Task Description ETL (Extract Transform Load).
Task consist of 3 steps.
-
extract - during this step data loaded from source table.
-
transform - during this step data is processed (removed duplicates, added/merged missing information from
existing records, removed unused records, parse/correct existing data). After transform source table should contain
one cleaned record which contains all information of previous records. -
load - load processed information into destination table.
Application should store actual state of processing, in case of stop or death should be able to restart
process from stopped location and state.Additional resources/tables for processing can be created.
Task have been strictly wrote what kind technologies use and therefore I used core Java Multithreading (Fork/Join) framework.
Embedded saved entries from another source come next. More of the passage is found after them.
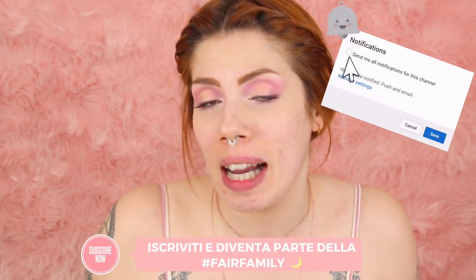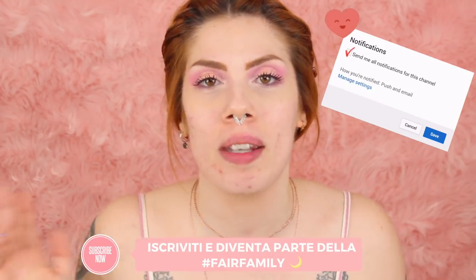Vi consiglio ovviamente di trovare il vostro scrub in base alla vostra tipologia di pelle, quindi non fare quello che sto facendo io oggi. Però voglio farvi vedere le diverse texture. Vi invito ad iscrivervi al canale e ad entrare a far parte della Fair Family. Se siete nuovi lasciatemi un commentino con l'hashtag Fair Family. Se siete già iscritti, attivate la campanella per non perdervi i video. Detto ciò, iniziamo subito col provare gli scrub.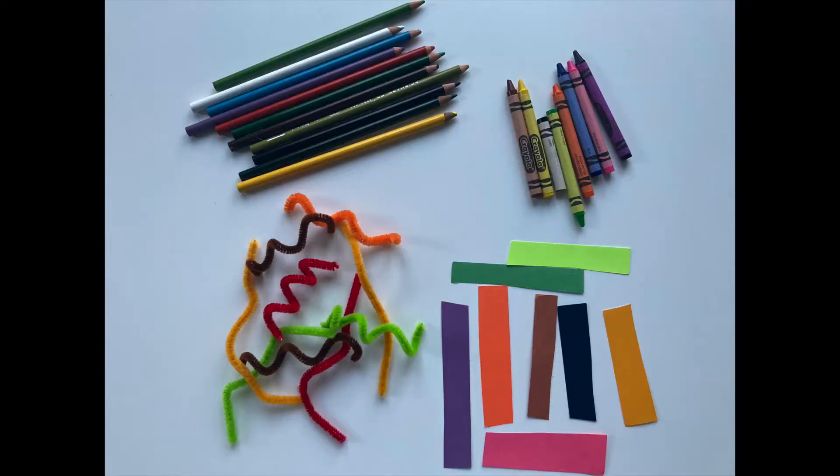First, select your materials. You can use a variety of colors of colored pencils, scraps of paper, pipe cleaners, or crayons. I find 10 to 15 caterpillars work best for this activity.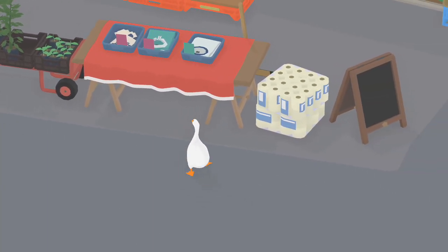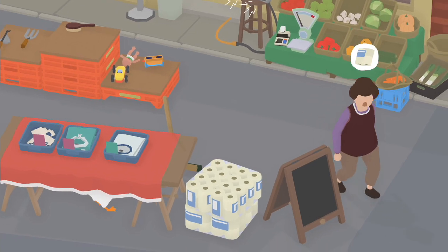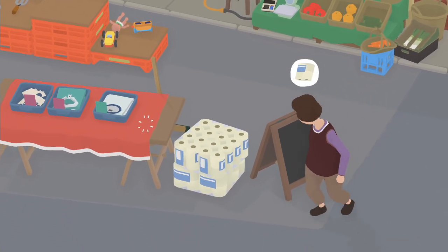Hey geese boys and geese girls. So today I'm going to show you how to wreck this lady's broom — how to break it in Untitled Goose Game.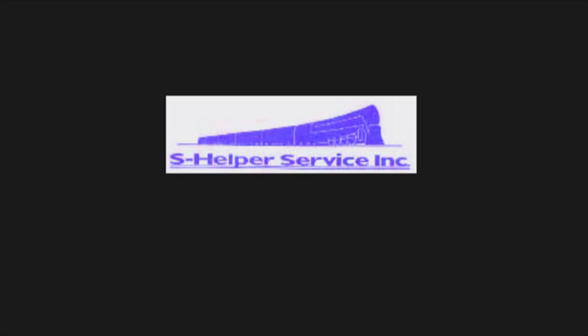Hi folks, my name is Jim Lyle. Once again, I'm privileged to present S-Helper products for your enjoyment and hopefully your railroading pleasure.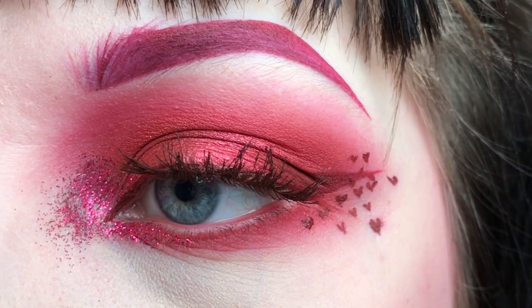And that is the final look. Thank you so much for watching. And here's a close up of the eye. Byeee!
Otherwise, I could use Akka, Speedment, Spark or Hadoop frameworks. These frameworks would fit perfectly on the task, but I used it for parallel
read/write from the database Fork/Join framework.The task was described to read the first table and convert the other table to this given.
- JAVA 8
- Framework: Spring / Hibernate
- Maven
- PostgreSQL 10
- Multithreading (Fork/Join) framework
- Click this link and download- Download test data
- Configuration - Database connection configuration on the application
- Explain application and run main class
- Download test data click this link
- Open Postgresql 10 and create new database with name gmbh
- Extract downloaded aena_test_data.tar.gz file and restore recently created gmbh database
psql -h localhost -p 5434 -U postgres gmbh < /you_local_where_lacated_extractfile_path/aenaflight.sql
After restore data to gmbh database you can see one table with name aenaflight_2017_01. This contains nearly 10 000 000 rows.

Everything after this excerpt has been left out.